Overall, no concerns were reported regarding the risk of bias of the included studies due to the globally high ratings obtained from the included studies concerning the JBI critical appraisal tool.

Also, reporting bias was rated as low risk after the doi plot and LFK evaluation.

Apart from income data, coherence in variables reporting allowed meta-analysis of a significant number of studies and most of the confidence intervals for proportions fell within ± 0.1, therefore, imprecision was rated as low risk.

Finally, heterogeneity was rated as high risk and was the most important aspect limiting the reliability of the results, despite this being expected due to the nature of this systematic review ²³ and the variety of possible residual unmeasured confounders.

Future Perspectives

Based on the reported findings, possible interventions should focus on both information and ease of access and completion of ADs.

First, early school information programmes could create the basis for more informed adults and back transfer to their families the importance of reflecting on their own end-of-life wills and the instruments to have them respected.

Recently, courses enhancing discussion about death and dying dedicated to children up to the age of 8 are being developed ⁴⁹ but there is still a lack of information about their long-term effectiveness.

Physicians, in particular primary care physicians, could be another active source of information and discussion about end-of-life preferences, and have been proven to be effective in increasing ADs completion. ⁵⁰

However, despite the literature generally indicating a positive attitude towards the concept of ADs that increases with increasing experience with their use, several barriers are reported, ranging from legal problems, cultural and religious obstacles to discussion, to family influence. ⁵¹

Unfortunately, a recent survey in Belgium demonstrated a still low involvement of general practitioners in ADs completion. ⁵²

Also, based on the results reported, information on end-of-life instruments should be especially fostered in patients affected from chronic non-oncologic diseases.

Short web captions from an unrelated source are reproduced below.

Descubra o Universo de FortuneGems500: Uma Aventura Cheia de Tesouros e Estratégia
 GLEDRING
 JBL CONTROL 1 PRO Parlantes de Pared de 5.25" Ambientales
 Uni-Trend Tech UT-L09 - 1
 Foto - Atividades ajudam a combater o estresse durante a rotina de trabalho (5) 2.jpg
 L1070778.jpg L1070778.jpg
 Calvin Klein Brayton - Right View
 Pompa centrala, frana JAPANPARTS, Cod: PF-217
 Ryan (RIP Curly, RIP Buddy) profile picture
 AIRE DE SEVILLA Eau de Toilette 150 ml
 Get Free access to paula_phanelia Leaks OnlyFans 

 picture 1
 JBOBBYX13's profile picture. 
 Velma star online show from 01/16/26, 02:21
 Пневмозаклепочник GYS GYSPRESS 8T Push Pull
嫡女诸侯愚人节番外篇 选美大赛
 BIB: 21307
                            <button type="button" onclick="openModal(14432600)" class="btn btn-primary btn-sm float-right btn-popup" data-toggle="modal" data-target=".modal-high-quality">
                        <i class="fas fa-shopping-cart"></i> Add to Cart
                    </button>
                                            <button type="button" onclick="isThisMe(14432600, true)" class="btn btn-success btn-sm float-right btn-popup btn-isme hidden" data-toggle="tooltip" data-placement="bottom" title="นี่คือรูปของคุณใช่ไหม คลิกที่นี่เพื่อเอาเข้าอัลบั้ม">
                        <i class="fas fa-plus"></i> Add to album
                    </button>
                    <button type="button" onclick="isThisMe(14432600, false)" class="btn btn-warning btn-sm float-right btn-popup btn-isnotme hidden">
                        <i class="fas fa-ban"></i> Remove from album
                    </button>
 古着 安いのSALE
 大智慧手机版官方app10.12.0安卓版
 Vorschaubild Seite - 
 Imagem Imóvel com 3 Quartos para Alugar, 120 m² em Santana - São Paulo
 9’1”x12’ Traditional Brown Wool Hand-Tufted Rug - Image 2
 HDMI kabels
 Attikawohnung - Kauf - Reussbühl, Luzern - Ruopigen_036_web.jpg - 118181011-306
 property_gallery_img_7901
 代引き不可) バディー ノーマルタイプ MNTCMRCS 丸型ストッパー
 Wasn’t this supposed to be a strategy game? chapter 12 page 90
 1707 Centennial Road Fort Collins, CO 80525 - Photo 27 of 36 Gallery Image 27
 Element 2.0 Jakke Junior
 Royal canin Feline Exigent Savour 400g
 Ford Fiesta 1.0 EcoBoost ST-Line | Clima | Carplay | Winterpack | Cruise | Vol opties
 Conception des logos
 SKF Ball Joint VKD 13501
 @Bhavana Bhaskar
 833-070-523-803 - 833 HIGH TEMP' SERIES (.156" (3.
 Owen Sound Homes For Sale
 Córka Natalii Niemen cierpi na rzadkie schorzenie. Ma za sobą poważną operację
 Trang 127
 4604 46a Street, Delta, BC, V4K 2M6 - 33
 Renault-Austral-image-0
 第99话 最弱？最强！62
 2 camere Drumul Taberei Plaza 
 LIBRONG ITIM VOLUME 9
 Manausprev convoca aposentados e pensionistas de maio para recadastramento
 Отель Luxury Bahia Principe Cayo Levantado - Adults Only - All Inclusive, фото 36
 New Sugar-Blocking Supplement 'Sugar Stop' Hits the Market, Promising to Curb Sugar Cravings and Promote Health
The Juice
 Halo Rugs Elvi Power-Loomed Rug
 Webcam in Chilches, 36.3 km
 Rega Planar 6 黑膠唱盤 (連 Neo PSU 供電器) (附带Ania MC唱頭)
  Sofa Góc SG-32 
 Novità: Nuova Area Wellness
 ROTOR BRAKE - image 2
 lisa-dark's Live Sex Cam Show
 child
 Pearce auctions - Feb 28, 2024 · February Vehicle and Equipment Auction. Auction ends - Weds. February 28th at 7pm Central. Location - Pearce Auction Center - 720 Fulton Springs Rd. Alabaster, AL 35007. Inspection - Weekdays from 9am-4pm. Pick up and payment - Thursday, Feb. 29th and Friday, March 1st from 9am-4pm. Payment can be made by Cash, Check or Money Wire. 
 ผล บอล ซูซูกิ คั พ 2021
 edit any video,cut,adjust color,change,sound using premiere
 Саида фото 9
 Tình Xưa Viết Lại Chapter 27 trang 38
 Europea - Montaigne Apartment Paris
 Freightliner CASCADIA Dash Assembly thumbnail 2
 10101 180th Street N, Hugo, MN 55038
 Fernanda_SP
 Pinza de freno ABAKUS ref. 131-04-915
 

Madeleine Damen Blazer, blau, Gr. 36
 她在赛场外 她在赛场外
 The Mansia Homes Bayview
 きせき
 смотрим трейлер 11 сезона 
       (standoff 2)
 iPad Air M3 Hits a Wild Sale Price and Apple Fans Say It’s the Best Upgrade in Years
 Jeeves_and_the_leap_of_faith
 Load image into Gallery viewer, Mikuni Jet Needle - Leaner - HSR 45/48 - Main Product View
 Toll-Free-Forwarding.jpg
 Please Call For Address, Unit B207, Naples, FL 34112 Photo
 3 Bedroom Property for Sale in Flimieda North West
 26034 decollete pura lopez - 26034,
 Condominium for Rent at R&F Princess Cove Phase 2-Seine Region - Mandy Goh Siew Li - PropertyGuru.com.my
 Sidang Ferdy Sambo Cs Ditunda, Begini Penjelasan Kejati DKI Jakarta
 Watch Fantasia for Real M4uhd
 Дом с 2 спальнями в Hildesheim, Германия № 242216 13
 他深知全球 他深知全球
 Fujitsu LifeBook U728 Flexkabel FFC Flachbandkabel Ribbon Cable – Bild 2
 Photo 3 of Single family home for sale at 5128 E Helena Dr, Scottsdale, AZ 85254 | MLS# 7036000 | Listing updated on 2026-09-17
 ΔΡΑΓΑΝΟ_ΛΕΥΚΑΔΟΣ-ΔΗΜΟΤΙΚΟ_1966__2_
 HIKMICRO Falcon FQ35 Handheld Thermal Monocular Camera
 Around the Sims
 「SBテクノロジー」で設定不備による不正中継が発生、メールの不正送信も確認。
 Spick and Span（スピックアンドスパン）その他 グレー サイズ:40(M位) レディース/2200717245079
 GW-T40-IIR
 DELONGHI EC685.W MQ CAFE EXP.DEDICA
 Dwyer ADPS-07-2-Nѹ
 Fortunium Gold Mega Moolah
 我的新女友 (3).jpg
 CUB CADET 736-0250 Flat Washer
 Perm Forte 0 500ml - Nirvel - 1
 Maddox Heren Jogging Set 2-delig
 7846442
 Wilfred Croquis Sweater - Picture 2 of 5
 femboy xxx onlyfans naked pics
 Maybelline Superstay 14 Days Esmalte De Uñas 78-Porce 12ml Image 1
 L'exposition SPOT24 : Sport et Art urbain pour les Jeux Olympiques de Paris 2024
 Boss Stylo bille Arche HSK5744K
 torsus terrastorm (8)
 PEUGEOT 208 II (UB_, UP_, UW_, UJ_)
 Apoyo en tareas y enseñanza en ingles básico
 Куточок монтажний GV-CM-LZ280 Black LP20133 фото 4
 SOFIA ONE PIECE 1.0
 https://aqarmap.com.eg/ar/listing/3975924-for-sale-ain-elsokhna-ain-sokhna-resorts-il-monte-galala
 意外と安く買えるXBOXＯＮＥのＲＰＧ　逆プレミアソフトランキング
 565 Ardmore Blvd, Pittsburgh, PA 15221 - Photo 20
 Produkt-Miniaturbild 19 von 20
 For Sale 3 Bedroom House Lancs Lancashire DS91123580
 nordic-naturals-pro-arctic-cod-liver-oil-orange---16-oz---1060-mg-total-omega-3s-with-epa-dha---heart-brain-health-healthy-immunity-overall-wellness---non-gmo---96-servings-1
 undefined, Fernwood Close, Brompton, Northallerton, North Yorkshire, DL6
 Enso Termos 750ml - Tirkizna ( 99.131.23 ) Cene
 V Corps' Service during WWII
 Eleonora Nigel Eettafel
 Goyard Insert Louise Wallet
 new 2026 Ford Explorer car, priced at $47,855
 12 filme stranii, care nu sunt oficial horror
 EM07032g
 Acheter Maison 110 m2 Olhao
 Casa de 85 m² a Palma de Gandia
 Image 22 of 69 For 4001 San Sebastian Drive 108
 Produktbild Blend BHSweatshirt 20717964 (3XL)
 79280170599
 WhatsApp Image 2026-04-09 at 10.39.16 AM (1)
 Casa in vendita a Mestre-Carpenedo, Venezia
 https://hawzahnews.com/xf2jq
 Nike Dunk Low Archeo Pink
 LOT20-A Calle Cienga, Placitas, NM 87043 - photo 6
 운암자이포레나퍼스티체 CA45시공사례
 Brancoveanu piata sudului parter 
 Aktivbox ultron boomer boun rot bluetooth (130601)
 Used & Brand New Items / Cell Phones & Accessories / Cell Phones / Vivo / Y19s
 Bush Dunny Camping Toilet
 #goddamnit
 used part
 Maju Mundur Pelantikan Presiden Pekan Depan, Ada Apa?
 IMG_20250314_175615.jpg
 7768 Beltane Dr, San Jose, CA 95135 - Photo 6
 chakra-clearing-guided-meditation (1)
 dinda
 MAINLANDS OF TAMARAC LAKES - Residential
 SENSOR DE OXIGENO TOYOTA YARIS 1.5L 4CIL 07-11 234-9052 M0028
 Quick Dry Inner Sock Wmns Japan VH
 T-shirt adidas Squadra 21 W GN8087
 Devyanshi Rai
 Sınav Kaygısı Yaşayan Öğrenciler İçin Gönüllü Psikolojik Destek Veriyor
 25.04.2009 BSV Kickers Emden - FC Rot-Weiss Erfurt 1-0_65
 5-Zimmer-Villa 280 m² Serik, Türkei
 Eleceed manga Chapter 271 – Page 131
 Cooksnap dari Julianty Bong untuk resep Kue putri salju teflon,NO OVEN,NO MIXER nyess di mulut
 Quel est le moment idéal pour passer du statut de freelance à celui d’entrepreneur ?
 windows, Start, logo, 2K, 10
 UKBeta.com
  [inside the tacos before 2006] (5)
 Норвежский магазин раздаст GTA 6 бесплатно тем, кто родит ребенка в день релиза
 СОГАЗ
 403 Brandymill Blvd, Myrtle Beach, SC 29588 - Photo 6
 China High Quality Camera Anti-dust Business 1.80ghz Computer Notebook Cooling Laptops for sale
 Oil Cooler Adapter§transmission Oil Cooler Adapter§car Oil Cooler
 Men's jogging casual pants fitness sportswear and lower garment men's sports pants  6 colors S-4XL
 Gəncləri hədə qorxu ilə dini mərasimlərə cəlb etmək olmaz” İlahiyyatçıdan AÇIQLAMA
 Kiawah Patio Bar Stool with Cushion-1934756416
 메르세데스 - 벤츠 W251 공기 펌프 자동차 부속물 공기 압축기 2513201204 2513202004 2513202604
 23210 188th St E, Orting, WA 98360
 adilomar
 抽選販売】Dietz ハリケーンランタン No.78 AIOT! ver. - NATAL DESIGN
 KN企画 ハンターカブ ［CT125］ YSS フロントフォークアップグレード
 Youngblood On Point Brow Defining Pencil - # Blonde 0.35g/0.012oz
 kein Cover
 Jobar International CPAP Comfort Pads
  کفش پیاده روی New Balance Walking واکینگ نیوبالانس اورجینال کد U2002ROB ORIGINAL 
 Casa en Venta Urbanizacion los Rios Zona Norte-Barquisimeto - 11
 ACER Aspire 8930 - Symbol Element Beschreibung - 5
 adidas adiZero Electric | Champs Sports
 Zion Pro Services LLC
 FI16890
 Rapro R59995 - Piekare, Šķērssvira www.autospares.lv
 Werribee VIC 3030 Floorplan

Finally, a redesign of less complex ADs documents and a simplification of the general process of ADs completion could have a positive influence on the least-educated sections of the population and reduce the logistical, time-consuming barriers. ⁵³

Conclusions

Despite half a century having passed since their first introduction, the global prevalence of ADs remains low across the populations and settings explored. Moderator analysis suggests non-white ethnicities, less educated segments of society and patients suffering from non-oncologic diseases are the most important targets of information campaigns.

Different points in life trajectories and different figures, such as teachers and general practitioners, could serve as vehicles to increase population awareness and competition for documents.